About this exercise → All of the records that follow need to be copied word for word, without the pictures.
§ §
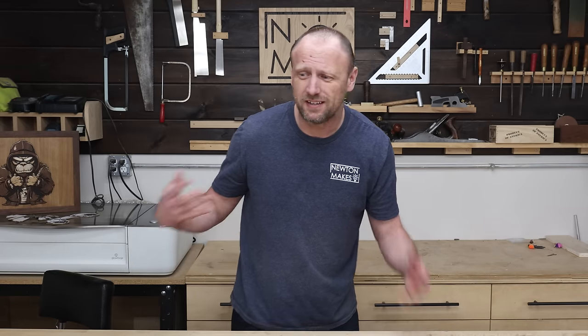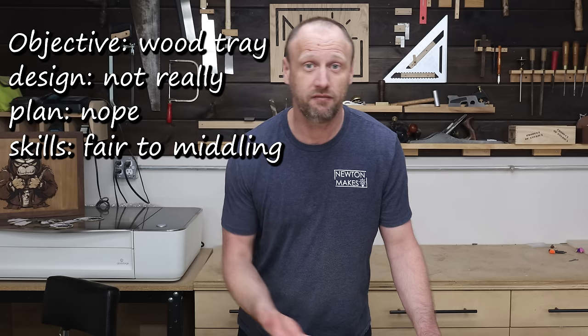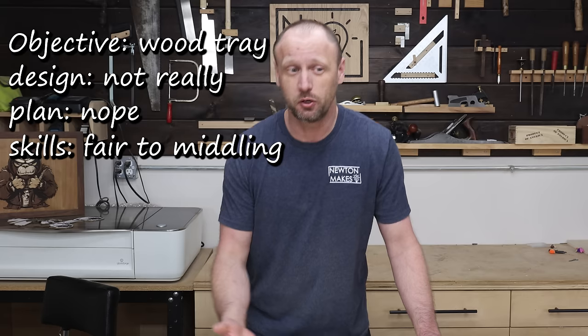Oh, the burdens of being a maker. We always get tasked with random things like, hey, make a wooden tray as a gift to give to those random people over there. Okay. Well, I don't have a design and I don't have a plan, so I guess I'm just going to start with materials.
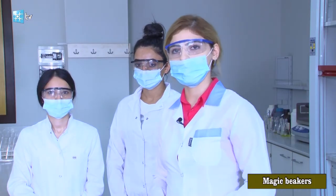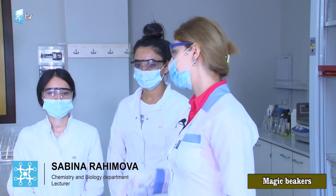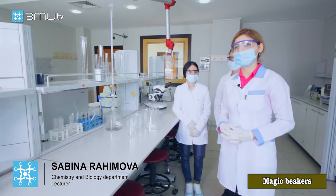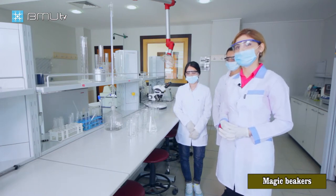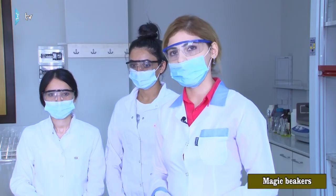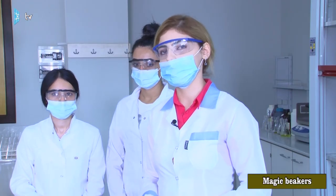Hello, I am Sabina Rahimova, chemistry lecturer, and our students Basta Ava Malieva and Shafak Aslanova. Today we are going to demonstrate the magic beakers experiment, which is related to complex compounds, acids and bases, transition metal chemistry, and the evidences of chemical reactions.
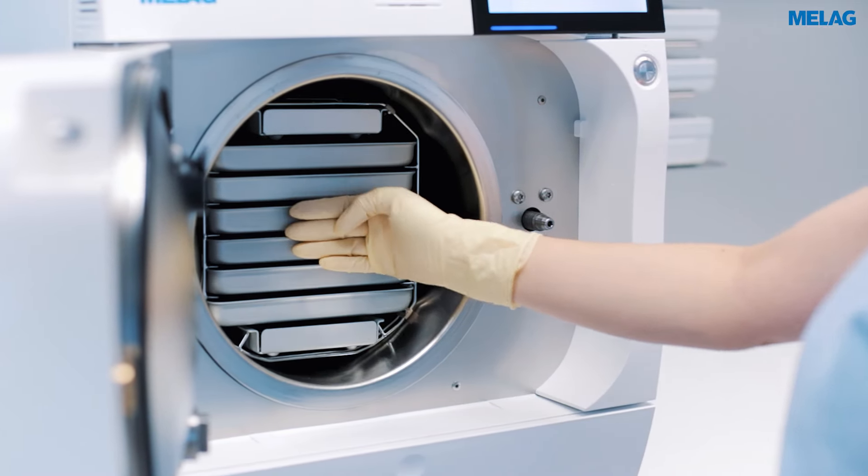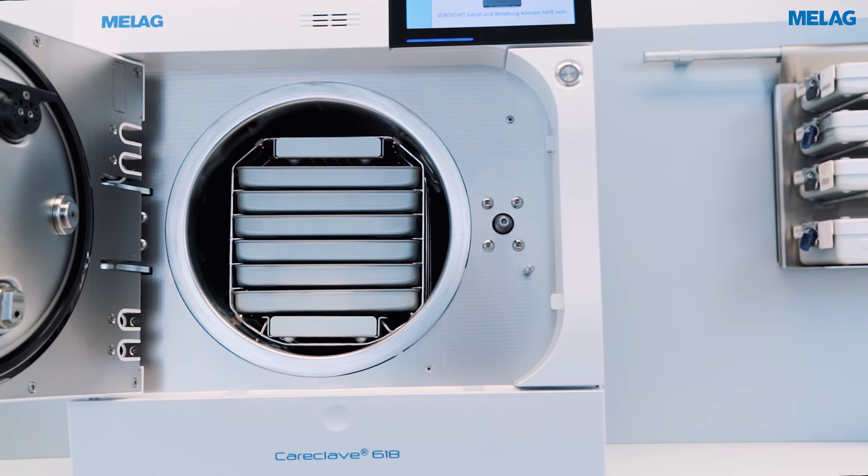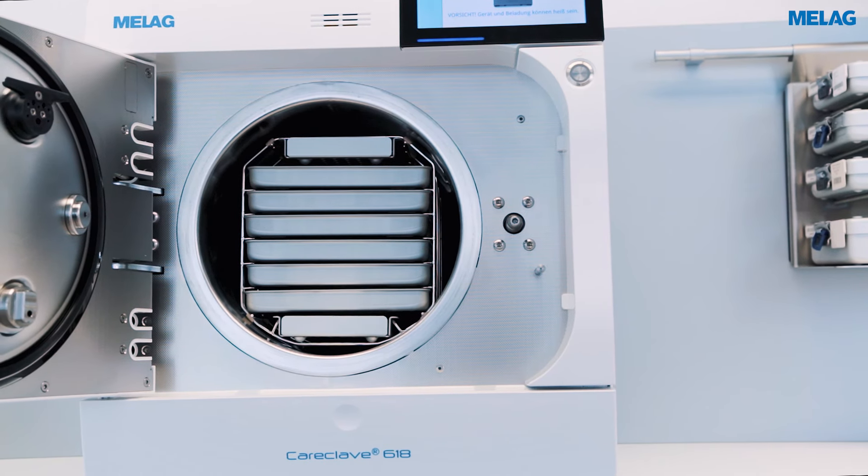If you need the maximum capacity for sterilizing your instruments, you can also use Careclave as a high-end autoclave. Without the Carebox inserted, the display switches to VacuClave mode.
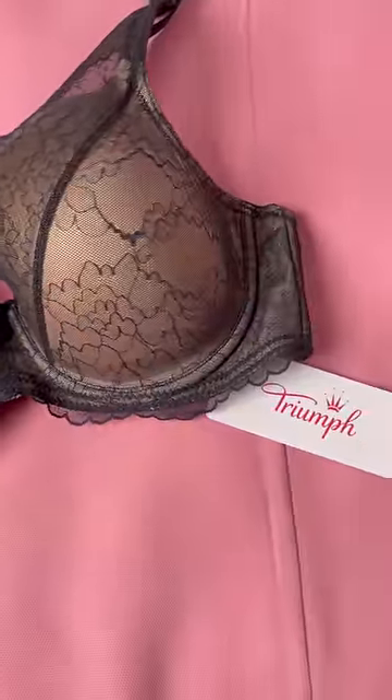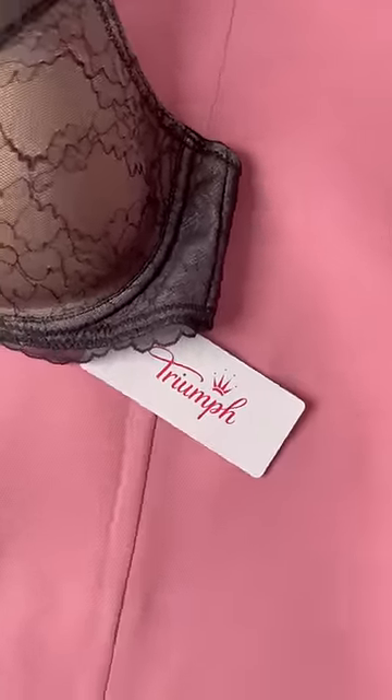I've also mentioned a few pointers for you guys in the description box — definitely make sure to check those out. Now go measure yourself and see if you've been wearing the right size or not.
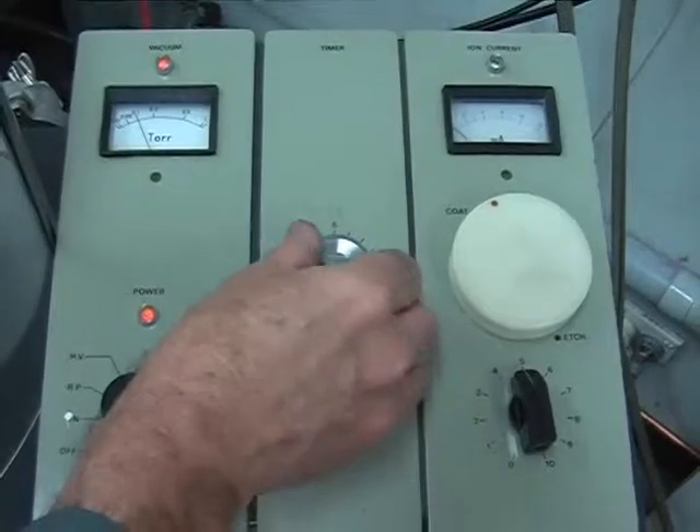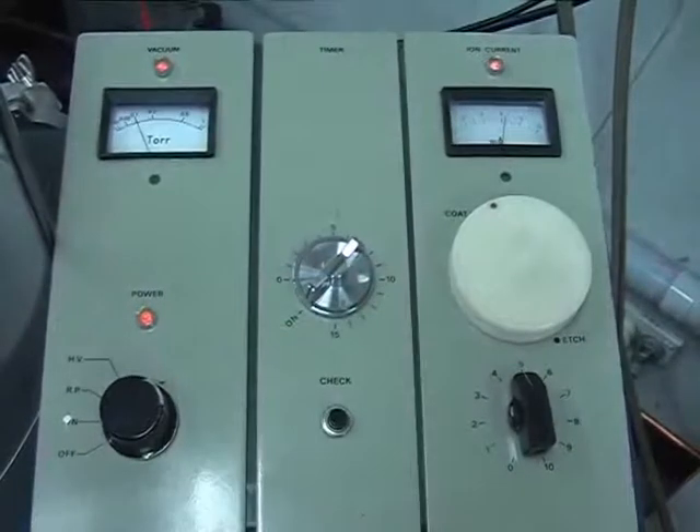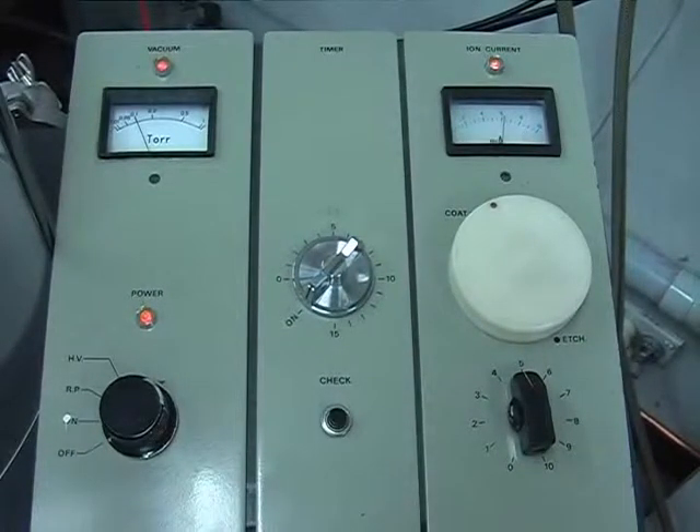Turn the timer to on and use the wall clock to time the length of coating. Do not use the timer on the coater. During coating, monitor and readjust the argon pressure in the chamber with the argon pressure control needle valve to ensure the ion current remains at 6 milliamps.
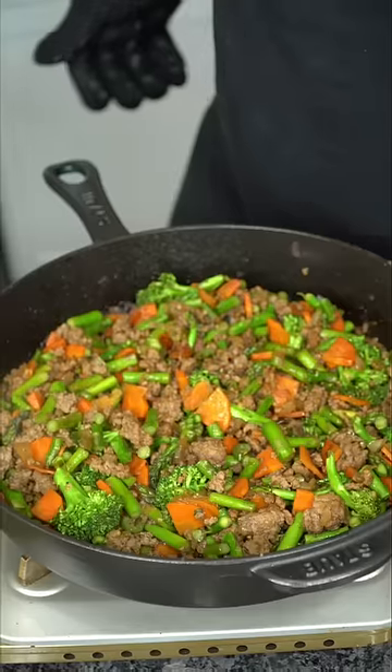Let me give you the insight. This is a one-pot beef and vegetable dish. It's cheap, easy, and extremely healthy. And if I could do it, you could do it, baby. Because I don't know if I'm hungry or I'm just fat.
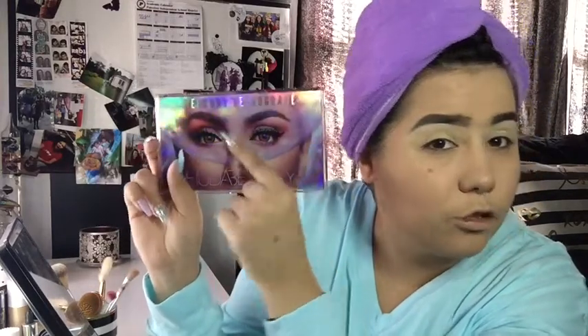Alright, so here we are. I already did my primer, concealer, and foundation. Today we're wearing our Christmas pajamas to work and we're going to use the new Huda palette - the Mercury Retrograde red. We're going to go ahead and conceal under the eyes and do some bronzer real quick with our Two Faced one.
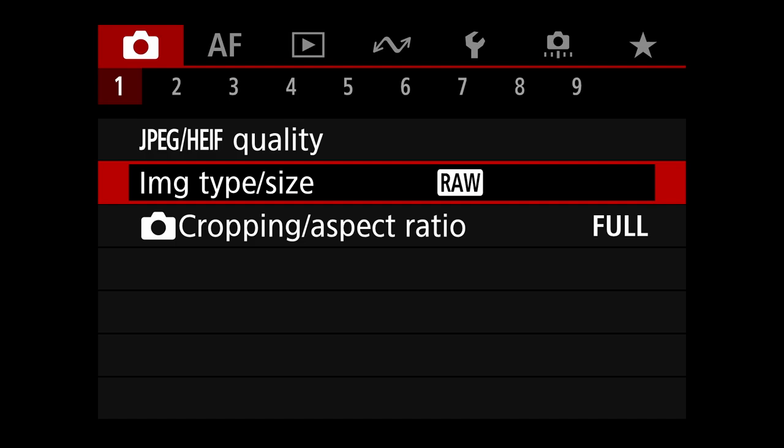Here we are in the Canon R3's menu system. We're going to take a deep dive into the system to see what my setups look like for birds in general and birds in flight.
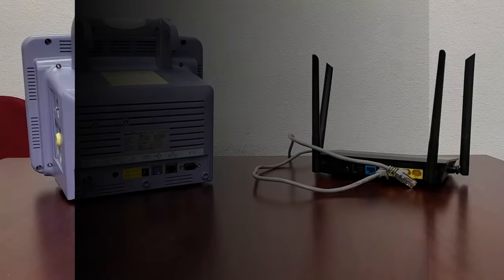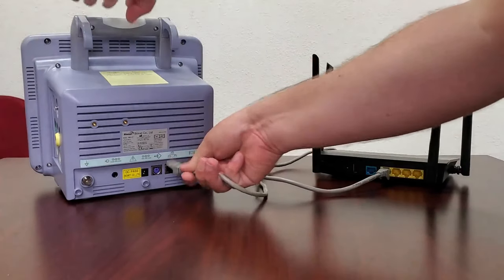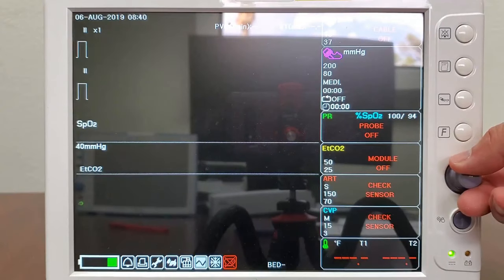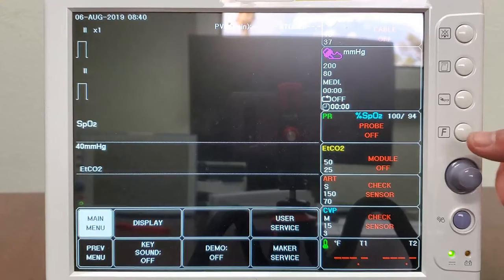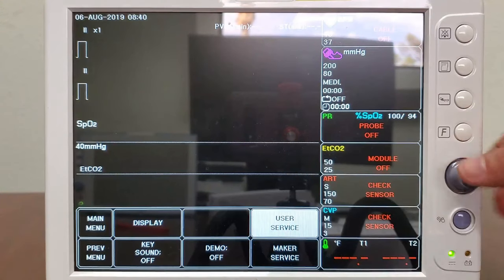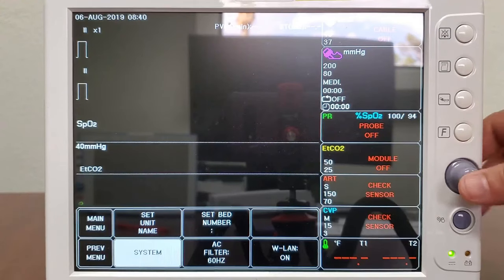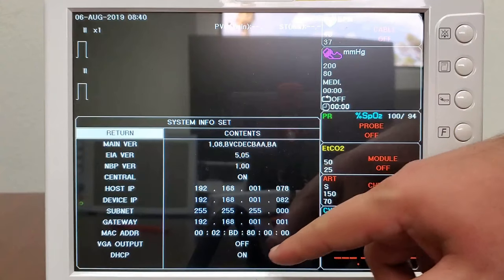Connecting the BM5 VET to B-Link will be very similar to the BM1 VET, but with a few extra steps. Ensure that your BM5 VET is connected to your internet router with an Ethernet cable. From the main screen of your machine, turn the Trim knob until you highlight the wrench icon and click the Trim knob to enter the menu. Turn the knob and click to select User Service, and then System. In this menu, ensure that both Central and DHCP are set to On.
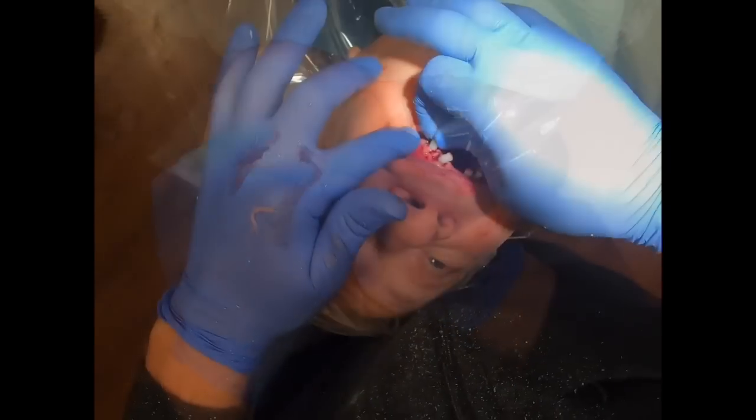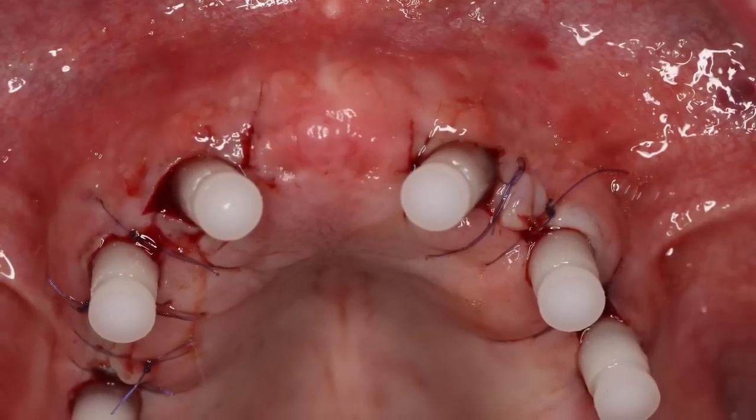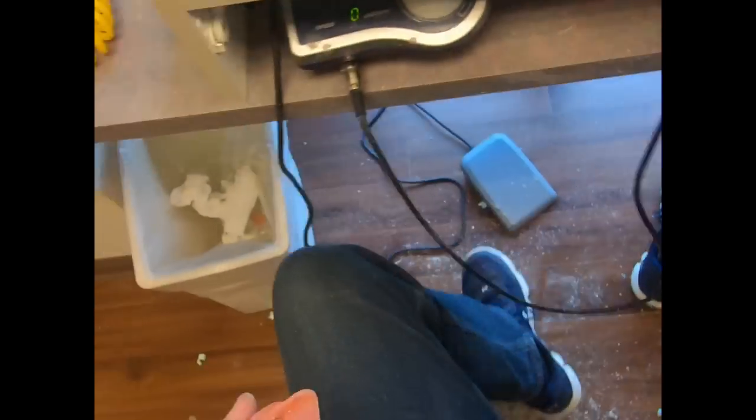Once the acrylic is set, we can just pop the denture off, and then we attach the protective caps onto the threaded posts that are still in the multi-unit abutments. Those will just protect the multi-units from the tissue collapsing while we're in the laboratory.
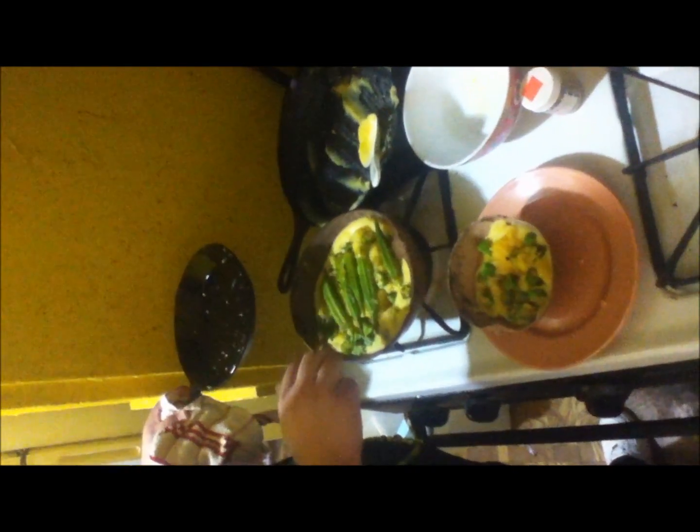Many people like to eat this as a regular sweet dish also. And there you have amala.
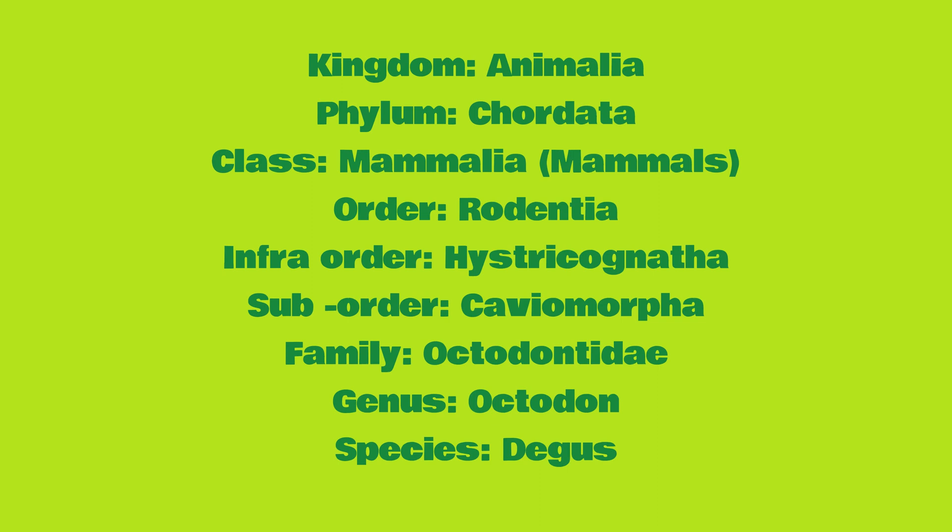The scientific classification of the Common Degu is as follows. They belong to the Kingdom Animalia, the Phylum Chordata, the Class Mammalia, Order Rodentia, Infraorder Hystricognathi, Suborder Caviomorpha, Family Octodontidae, Genus Octodon, Species degus.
§ §
Completed task →
Oh, the burdens of being a maker. We always get tasked with random things like, hey, make a wooden tray as a gift to give to those random people over there. Okay. Well, I don't have a design and I don't have a plan, so I guess I'm just going to start with materials.
Hello, I am Sabina Rahimova, chemistry lecturer, and our students Basta Ava Malieva and Shafak Aslanova. Today we are going to demonstrate the magic beakers experiment, which is related to complex compounds, acids and bases, transition metal chemistry, and the evidences of chemical reactions.
If you need the maximum capacity for sterilizing your instruments, you can also use Careclave as a high-end autoclave. Without the Carebox inserted, the display switches to VacuClave mode.
I've also mentioned a few pointers for you guys in the description box — definitely make sure to check those out. Now go measure yourself and see if you've been wearing the right size or not.
Turn the timer to on and use the wall clock to time the length of coating. Do not use the timer on the coater. During coating, monitor and readjust the argon pressure in the chamber with the argon pressure control needle valve to ensure the ion current remains at 6 milliamps.
Let me give you the insight. This is a one-pot beef and vegetable dish. It's cheap, easy, and extremely healthy. And if I could do it, you could do it, baby. Because I don't know if I'm hungry or I'm just fat.
Alright, so here we are. I already did my primer, concealer, and foundation. Today we're wearing our Christmas pajamas to work and we're going to use the new Huda palette - the Mercury Retrograde red. We're going to go ahead and conceal under the eyes and do some bronzer real quick with our Two Faced one.
Here we are in the Canon R3's menu system. We're going to take a deep dive into the system to see what my setups look like for birds in general and birds in flight.
Connecting the BM5 VET to B-Link will be very similar to the BM1 VET, but with a few extra steps. Ensure that your BM5 VET is connected to your internet router with an Ethernet cable. From the main screen of your machine, turn the Trim knob until you highlight the wrench icon and click the Trim knob to enter the menu. Turn the knob and click to select User Service, and then System. In this menu, ensure that both Central and DHCP are set to On.
Once the acrylic is set, we can just pop the denture off, and then we attach the protective caps onto the threaded posts that are still in the multi-unit abutments. Those will just protect the multi-units from the tissue collapsing while we're in the laboratory.
Many people like to eat this as a regular sweet dish also. And there you have amala.
The scientific classification of the Common Degu is as follows. They belong to the Kingdom Animalia, the Phylum Chordata, the Class Mammalia, Order Rodentia, Infraorder Hystricognathi, Suborder Caviomorpha, Family Octodontidae, Genus Octodon, Species degus.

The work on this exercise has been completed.